BEGIN

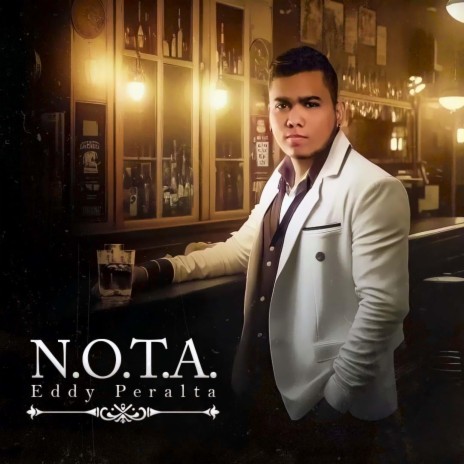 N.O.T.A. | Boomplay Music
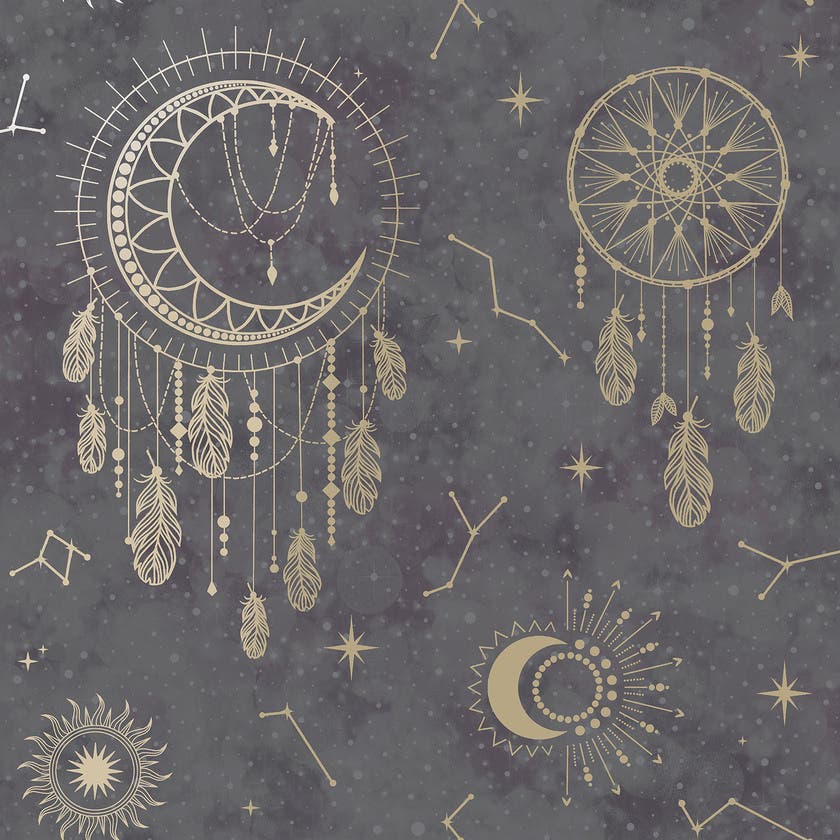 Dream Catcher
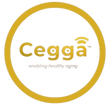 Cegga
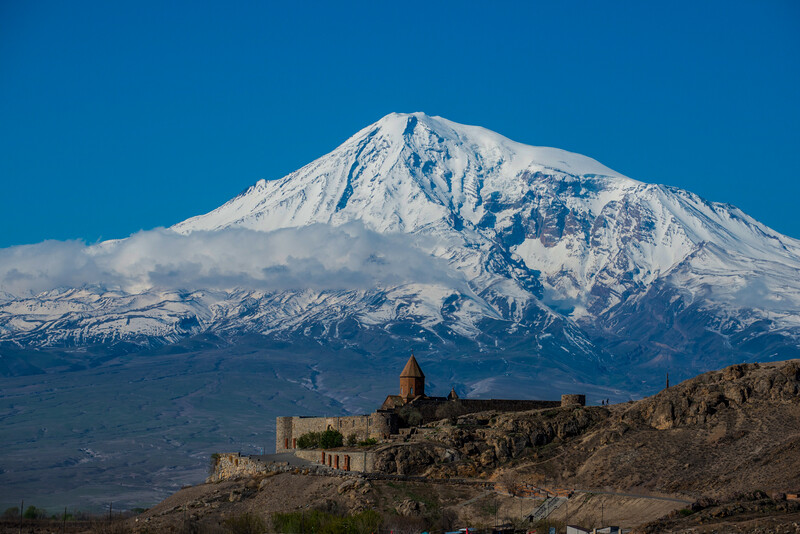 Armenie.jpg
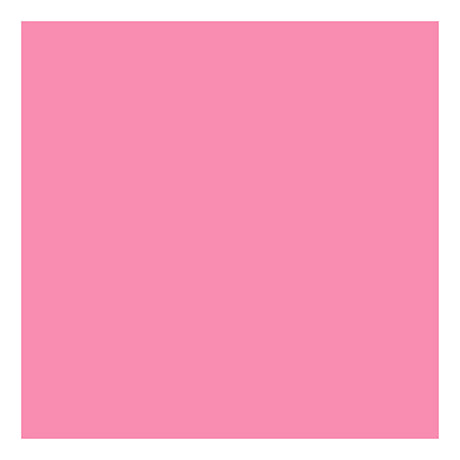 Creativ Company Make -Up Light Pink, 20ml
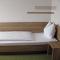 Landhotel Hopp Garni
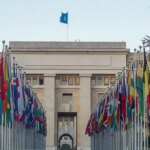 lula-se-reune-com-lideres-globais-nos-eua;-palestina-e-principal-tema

END
BEGIN

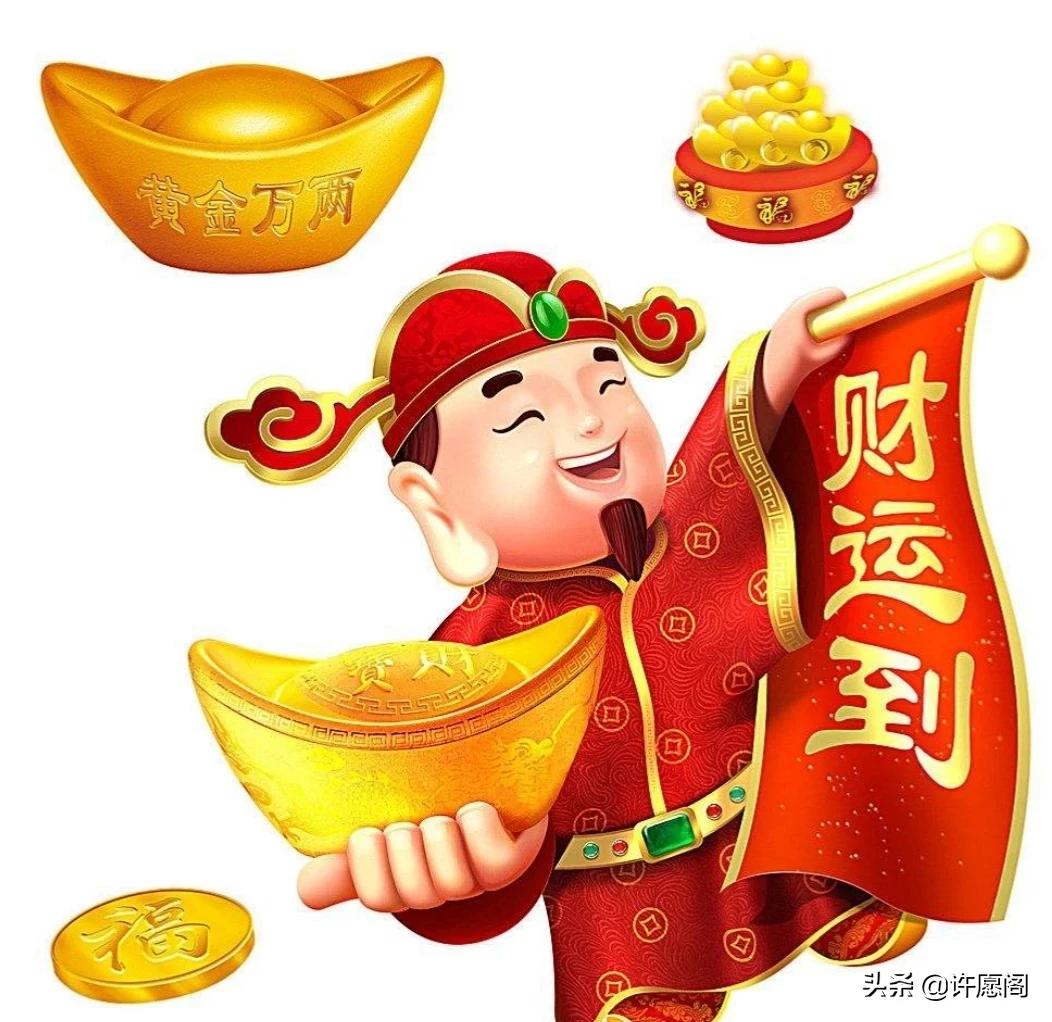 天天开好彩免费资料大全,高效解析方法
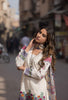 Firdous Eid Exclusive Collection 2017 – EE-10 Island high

END

■ WORK INSTRUCTIONS ■
Reproduce exactly the lines of the data above that run from the line with "天天开好彩免费资料大全,高效解析方法" down to the line with "Firdous Eid Exclusive", both ends included. Pictures do not belong in the copy.

■ RESULT OF THIS EXERCISE ■
 天天开好彩免费资料大全,高效解析方法
 Firdous Eid Exclusive Collection 2017 – EE-10 Island high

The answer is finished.